Abstract

Background: The significance of early neurological improvement (ENI) and deterioration (END) in patients with primary intracerebral hemorrhage (ICH) is unclear. We sought to determine the prevalence and predictors of ENI and END and their impact on long term clinical outcome in patients with primary ICH recruited within 4.5 hours after symptom onset. Methods: We analyzed data from Antihypertensive Treatment at Acute Cerebral Hemorrhage (ATACH)-2 trial. ENI and END were defined by ≥ 4 points decrease or increase in NIHSS score within 24 hours post randomization, respectively. Baseline characteristics of patients that predicted ENI and END were identified.

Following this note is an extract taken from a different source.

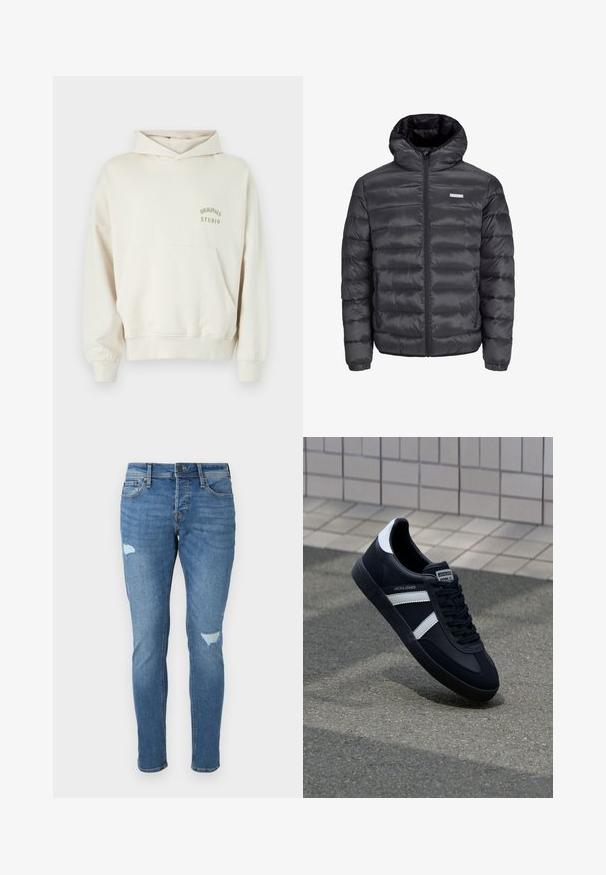 Čierna prešívaná bunda s kapucňou, s horizontálnymi prešívanými sekciami, predným zipsom a dvoma bočnými vreckami na zips. Hladká textura.; Krémová mikina s kapucňou, predným vreckom, rebrovanými manžetami a lemom. Na ľavej hrudi je zlatý nápis "ORIGINALS STUDIO".; Zosvetlené modré džíny s obtiahnutým strihom, so zničenými miestami na kolenách, so zapínaním na gombík a dizajnom s piatimi vreckami.; Čierne kožené tenisky s bielymi pruhmi, textúrovanou gumovou podrážkou a šnurovaním vpredu. Obsahujú označenie značky na jazyku.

The association between ENI and END with favorable 90-day outcome (defined as modified Rankin Scale (mRS) <2) was analyzed after adjustment for potential confounders. Results: Ninety five of 1000 patients with ICH had END (9.5%). END was more common among non-Asians compared to Asians (55% vs 42%), patients with hematoma volume >=30 cc (26% vs 8%, p=<.0001) and intraventricular hemorrhage (IVH) (41% vs 25%, p=0.0015). Similarly, patients with END had higher baseline NIHSS score (median value 14 vs 10, p=<.0001). Patients with END had significantly lower rate of favorable 90-day outcome (6% vs 28%, p=<.0001). ENI was seen in 165 (19%) of patients. ENI was associated with lower initial Glasgow Coma Scale (GCS) score, lack of IVH, basal ganglia hematoma, and prior antihypertensive treatment. Patients with ENI had significantly higher chance of favorable 90-day outcome (29% vs 20%, p=0.019). In multivariate models that adjusted for initial GCS score, age and presence of IVH, both ENI and END were independent predictors of 90-day favorable outcome with (RR=1.40; 95% CI: 1.00, 1.97) and (RR=0.26; 95% CI: 0.11, 0.63), respectively. IVH and GCS score were independent predictors of early neurological changes. Conclusions: We found a relatively high prevalence of early neurological improvement or deterioration in ICH patients. Both ENI and END are independent predictors of 90-day functional outcome.